Hope you’ll enjoy this blast from the past!

Written May 2008 - talksweettome.com

Over the past month and a half, I have been doing a bit of baking. By a bit, I mean that I tried 47 different cake recipes in order to narrow it down to fifteen that I can count on to be fabulous. It was tiring, it was messy, it was expensive, it was crazy, and it was worth it.

Do you know the looks you get when you walk into the grocery store and buy 4 packages of 18 eggs each, multiple large bags of flour and sugar, at least six pounds of butter, and mounds of (expensive!) chocolate bars? I got all of those when I went to pick up the ingredients. 75 eggs!

Ingredients for taste testing - www.talksweettome.com

I wanted to wear a sign on my forehead that said “I’m not eating all of this by myself,” (or maybe it would have been funnier if it said I was eating all of it myself!) but it turned out to be a good conversation starter. The guy who rang me up at the checkout counter asked me if there were real carrots in carrot cake. Seriously…

On Thursday afternoon I started making the box mix cakes. It is so easy…

Baking for taste testing - www.talksweettome.com

The first cake testing was held on Saturday, and I figured if there were any cakes that could withstand a couple days of being wrapped with plastic wrap, it would be the unnaturally moist, preservative-filled box mix cakes. Should I tell you how I really feel about box mix cakes??

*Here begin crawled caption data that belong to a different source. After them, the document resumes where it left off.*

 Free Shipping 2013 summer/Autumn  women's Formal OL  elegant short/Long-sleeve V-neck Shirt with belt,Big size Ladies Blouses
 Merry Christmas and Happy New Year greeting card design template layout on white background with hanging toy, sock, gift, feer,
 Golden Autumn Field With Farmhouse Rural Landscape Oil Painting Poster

And that’s not even half of what was made for the first tasting…I spent the next two days, right up to the 2pm tasting, making the rest of the cake. Luckily, my friend Kate, who also bakes and decorates cakes, was my accomplice in these extreme cake endeavors. She did everything from gathering supplies (who knew it would be next-to-impossible to find crème fraiche in Iowa?), to helping with the baking, to cutting the cakes and preparing for the tastings. It is great to know someone who is not only fun to hang out with, but who is also as obsessed with cake as I am. Here she is preparing for the first tasting:

Jones taste testing3 - www.talksweettome.com

Two friends of mine offered to host the tastings at their homes. The first tasting at Sarah and Dan’s house consisted of 26 different kinds of cake, some from a mix and some from scratch. Each of the mix cakes were paired with their corresponding from-scratch cake for the tasting for the ultimate in taste-testing analysis potential.

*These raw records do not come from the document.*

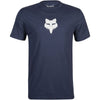 Studio photo on a white background of Fox Racing Fox Head Premium Tee; showing tee fit, printed graphics, and crew neckline; SKU 31731-329-S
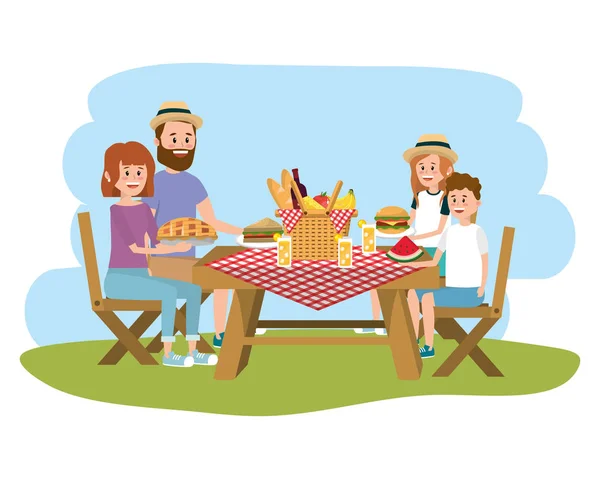 Familjen på picknick — Stock vektor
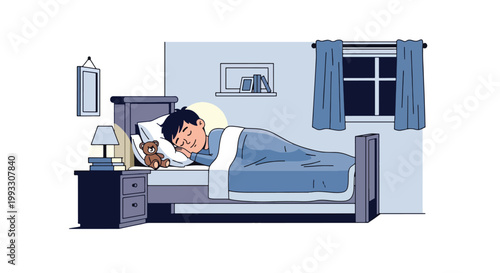 Flat style vector illustration of child sleeping peacefully in bed at night, promoting healthy sleep habits and wellness for kids daily routine care concept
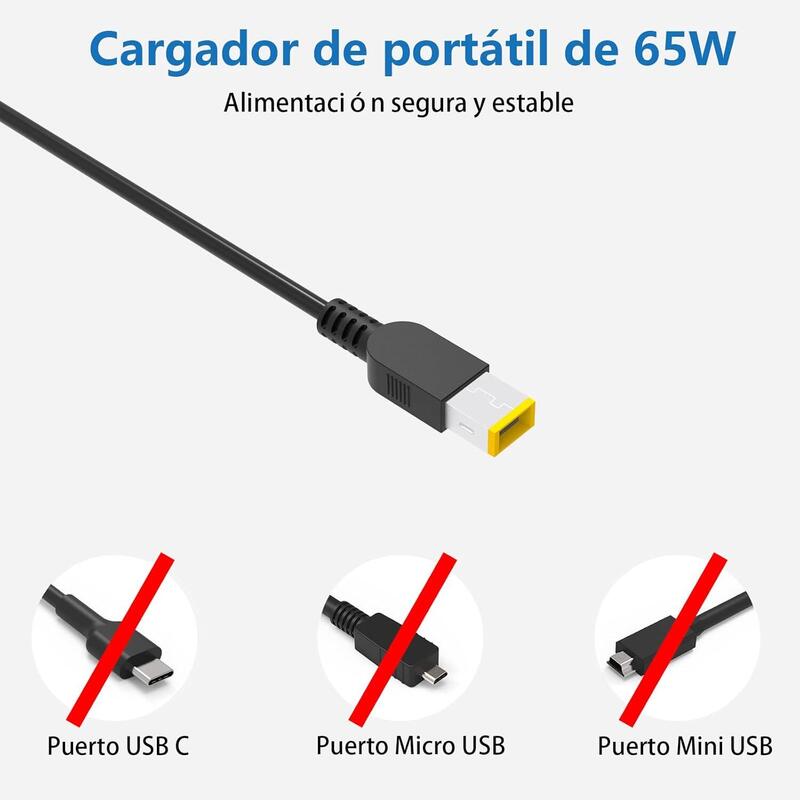 Cargador Usb-C Multipuntas 20v 3,25a 65w Compatible Con Lenovo, Asus, Acer, Hp Y Dell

Jones taste testing2 - www.talksweettome.com

We learned from this tasting that 26 cakes, even when just trying a bite or two of each, was waaaayyyy too much cake and most tasters wanted nothing to do with cake for the next three weeks. No one should ever hate cake, and I think some of them did by the time we were finished.

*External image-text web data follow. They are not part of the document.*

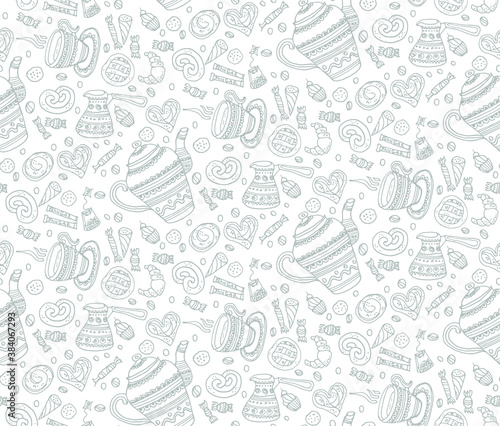 Seamless pattern with cute hand drawn tea/coffee collection. Ornamental teapot, cup and different sweets and buns. Doodle tea/coffee time collection. Vector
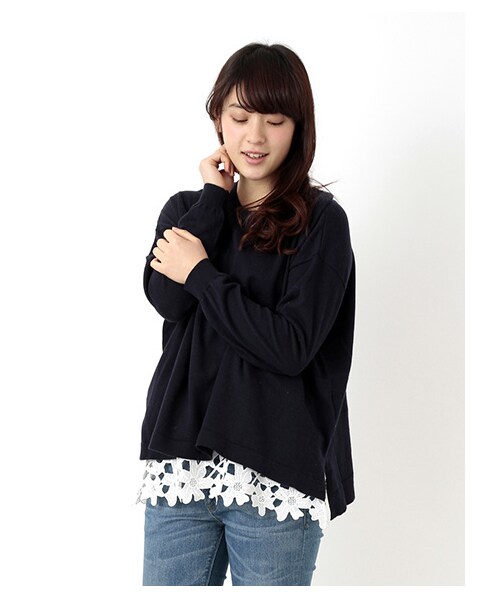 earth music&ecology(アースミュージックアンドエコロジー)の「【SET ITEM】ニットプルオーバー裾レースタンクセット(ニット・セーター・レディース・アイボリー/杢ライトグレー/グレーベージュ/ネイビー・F)」の11枚目の写真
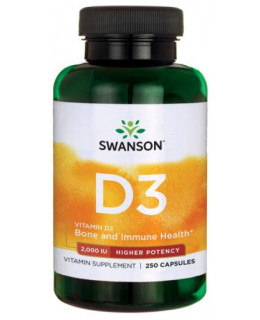 Swanson Vitamin D3, 2000 IU, Vyšší účinnost, 250 kapslí - EXPIRACE 10/2022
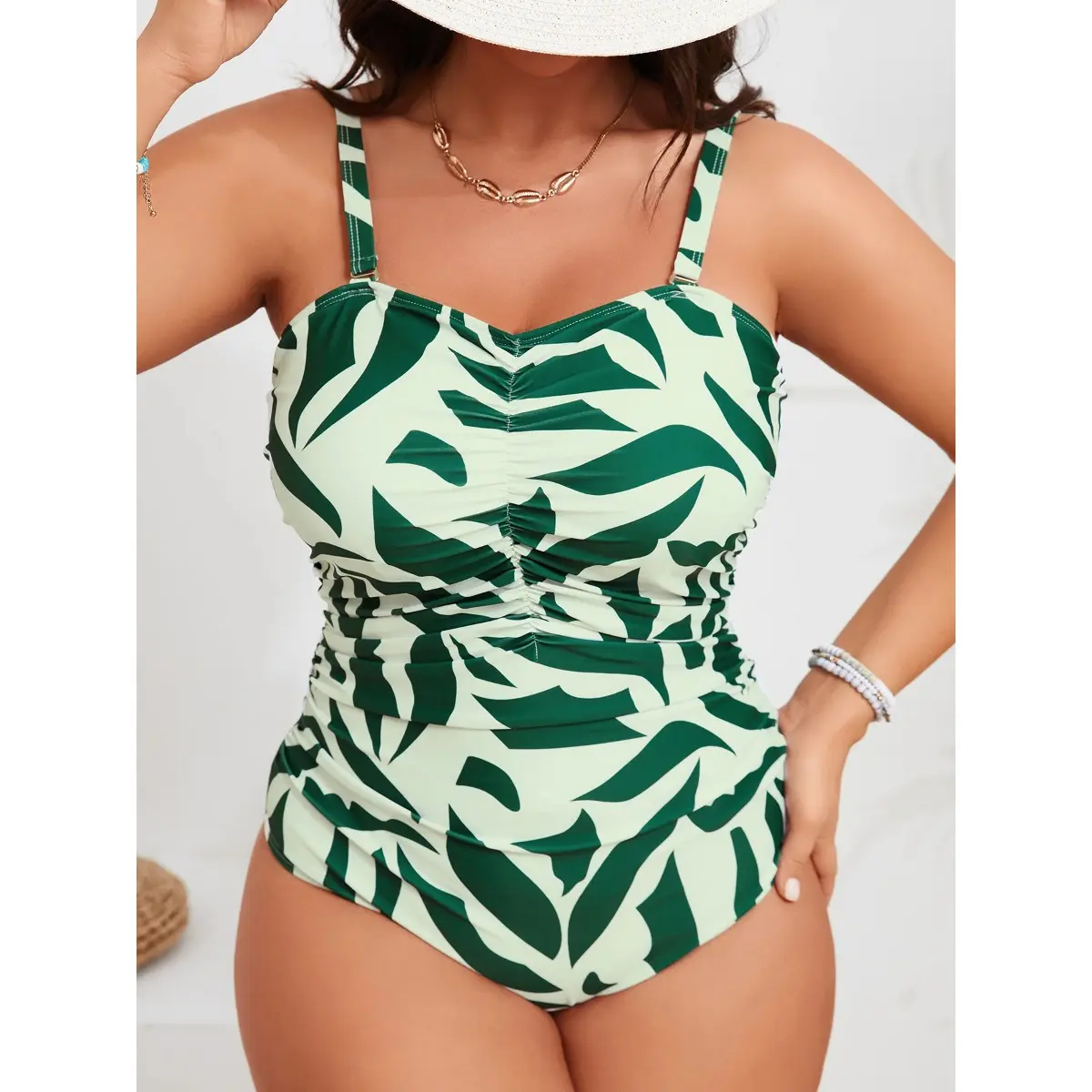 2026 Large Plus Big Size One Piece Swimsuit Women Printed Strappy Swimwear Female Bathers Bathing Swimming Swim Suit 0XL-5XL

Jones taste testing - www.talksweettome.com

That is why the second tasting at Katie and Kyle’s house had “just” 15 different cakes. Even fifteen different kinds of cake was pushing it for a few. But they were brave, soldiering on through the feelings of full-ness and sugar saturation.

Katie taste testing - www.talksweettome.com

To keep the tasting anonymous, I gave cakes different names and didn’t tell the tasters whether it was from scratch or from a mix. My scientific background finally came in handy with research methods!

Katie taste testing2 - www.talksweettome.com

For each kind of cake they tried, the tasters filled out a form that ranked the taste/flavor, texture, moisture, appearance, and perception of overall quality of the cake…and they also had to guess whether the cake was from a mix or from scratch. I realize this was just *slightly* over-the-top and I may have looked like a cake-obsessed fool with too much time on my hands, but in the end it was really, really helpful.

The results - talksweettome.com
From compiling the surveys, I found that most people can taste a cake mix accurately…but that doesn’t necessarily mean they don’t like it. I also concluded that there is no way I can use a boxed mix for my cakes. They are easy and inexpensive, but…for me they are cheating. And my tasters said that if a person is going to pay for a cake, they want to feel like they couldn’t have gone to the store and whipped it up out of a box themselves. Quite right. That is why I did all of this ridiculous work.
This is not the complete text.